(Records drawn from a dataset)
━━━━━━━━━━━━━━━━━━━━━━━━━━━━━━
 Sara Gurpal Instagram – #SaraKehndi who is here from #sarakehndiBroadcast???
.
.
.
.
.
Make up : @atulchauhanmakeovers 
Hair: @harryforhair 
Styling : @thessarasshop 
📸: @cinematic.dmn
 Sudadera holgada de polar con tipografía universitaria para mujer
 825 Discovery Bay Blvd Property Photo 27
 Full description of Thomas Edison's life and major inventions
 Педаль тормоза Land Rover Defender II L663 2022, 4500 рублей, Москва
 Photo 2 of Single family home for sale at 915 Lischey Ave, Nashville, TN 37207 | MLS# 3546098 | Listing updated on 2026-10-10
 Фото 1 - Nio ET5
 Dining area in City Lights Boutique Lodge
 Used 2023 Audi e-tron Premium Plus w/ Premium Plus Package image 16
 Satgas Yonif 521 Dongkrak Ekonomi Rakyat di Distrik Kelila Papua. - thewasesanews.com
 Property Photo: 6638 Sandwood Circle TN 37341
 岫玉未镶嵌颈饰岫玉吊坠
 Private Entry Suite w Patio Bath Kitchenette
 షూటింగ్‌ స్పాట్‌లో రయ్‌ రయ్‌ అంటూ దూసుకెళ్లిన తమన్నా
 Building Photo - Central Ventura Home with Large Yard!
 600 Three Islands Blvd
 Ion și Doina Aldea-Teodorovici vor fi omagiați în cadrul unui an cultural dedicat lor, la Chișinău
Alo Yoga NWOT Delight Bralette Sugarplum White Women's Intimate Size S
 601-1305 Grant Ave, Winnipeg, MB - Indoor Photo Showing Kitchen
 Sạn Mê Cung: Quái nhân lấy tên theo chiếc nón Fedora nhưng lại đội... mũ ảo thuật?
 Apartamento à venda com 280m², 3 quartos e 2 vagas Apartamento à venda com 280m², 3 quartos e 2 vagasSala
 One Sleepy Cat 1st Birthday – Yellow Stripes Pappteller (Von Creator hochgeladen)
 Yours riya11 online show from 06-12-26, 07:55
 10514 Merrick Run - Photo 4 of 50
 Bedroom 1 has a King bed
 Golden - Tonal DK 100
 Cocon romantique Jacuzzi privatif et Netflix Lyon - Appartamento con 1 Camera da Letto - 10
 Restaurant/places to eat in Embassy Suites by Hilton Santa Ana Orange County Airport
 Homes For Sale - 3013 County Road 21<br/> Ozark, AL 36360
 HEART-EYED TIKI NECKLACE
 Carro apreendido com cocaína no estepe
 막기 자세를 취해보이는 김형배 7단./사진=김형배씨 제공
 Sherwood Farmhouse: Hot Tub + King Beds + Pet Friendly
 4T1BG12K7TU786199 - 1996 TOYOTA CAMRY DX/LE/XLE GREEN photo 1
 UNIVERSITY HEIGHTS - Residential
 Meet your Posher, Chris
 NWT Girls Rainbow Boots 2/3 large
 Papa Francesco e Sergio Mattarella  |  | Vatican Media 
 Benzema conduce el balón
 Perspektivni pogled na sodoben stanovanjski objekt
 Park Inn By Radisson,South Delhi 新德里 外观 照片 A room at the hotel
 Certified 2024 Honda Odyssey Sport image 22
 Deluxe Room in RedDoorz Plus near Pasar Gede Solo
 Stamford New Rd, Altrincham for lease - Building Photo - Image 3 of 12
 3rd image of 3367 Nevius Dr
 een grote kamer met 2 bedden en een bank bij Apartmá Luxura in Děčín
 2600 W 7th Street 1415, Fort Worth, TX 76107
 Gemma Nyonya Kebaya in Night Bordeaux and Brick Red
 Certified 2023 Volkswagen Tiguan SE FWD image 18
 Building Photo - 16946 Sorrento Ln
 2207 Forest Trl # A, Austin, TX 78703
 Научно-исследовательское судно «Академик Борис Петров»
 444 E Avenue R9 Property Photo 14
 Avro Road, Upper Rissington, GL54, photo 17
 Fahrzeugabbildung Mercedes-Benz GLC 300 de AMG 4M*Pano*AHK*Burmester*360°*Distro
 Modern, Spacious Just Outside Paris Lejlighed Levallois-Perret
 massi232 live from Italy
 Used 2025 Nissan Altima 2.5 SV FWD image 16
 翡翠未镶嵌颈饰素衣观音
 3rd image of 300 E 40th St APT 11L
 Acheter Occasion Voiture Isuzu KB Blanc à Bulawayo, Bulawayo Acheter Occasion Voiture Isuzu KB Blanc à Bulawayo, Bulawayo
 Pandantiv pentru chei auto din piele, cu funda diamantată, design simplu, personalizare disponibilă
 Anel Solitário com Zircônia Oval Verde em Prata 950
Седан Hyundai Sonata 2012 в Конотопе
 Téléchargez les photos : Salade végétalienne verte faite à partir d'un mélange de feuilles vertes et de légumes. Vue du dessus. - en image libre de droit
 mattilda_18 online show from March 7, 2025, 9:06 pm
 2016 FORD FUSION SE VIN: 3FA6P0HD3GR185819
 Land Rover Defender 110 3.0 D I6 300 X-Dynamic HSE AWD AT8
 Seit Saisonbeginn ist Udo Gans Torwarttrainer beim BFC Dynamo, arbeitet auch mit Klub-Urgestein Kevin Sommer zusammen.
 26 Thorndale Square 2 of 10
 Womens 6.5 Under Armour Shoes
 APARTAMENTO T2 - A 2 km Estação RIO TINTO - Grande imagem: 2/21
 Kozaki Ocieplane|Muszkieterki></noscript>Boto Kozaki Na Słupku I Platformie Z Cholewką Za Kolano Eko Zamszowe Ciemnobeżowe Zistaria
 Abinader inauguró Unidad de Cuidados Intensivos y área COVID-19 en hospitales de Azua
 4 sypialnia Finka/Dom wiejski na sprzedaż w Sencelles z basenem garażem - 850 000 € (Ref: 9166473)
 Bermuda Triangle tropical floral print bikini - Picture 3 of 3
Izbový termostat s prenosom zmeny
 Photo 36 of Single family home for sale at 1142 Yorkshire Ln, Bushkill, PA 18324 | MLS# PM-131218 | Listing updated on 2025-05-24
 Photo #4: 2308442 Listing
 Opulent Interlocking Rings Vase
━━━━━━━━━━━━━━━━━━━━━━━━━━━━━━
* **Your goal**
Scan the entries above for the line containing "Sherwood Farmhouse: Hot", and copy it and all lines after it exactly, down to and including the line containing "Park Inn By".

* **Final answer**
 Sherwood Farmhouse: Hot Tub + King Beds + Pet Friendly
 4T1BG12K7TU786199 - 1996 TOYOTA CAMRY DX/LE/XLE GREEN photo 1
 UNIVERSITY HEIGHTS - Residential
 Meet your Posher, Chris
 NWT Girls Rainbow Boots 2/3 large
 Papa Francesco e Sergio Mattarella  |  | Vatican Media 
 Benzema conduce el balón
 Perspektivni pogled na sodoben stanovanjski objekt
 Park Inn By Radisson,South Delhi 新德里 外观 照片 A room at the hotel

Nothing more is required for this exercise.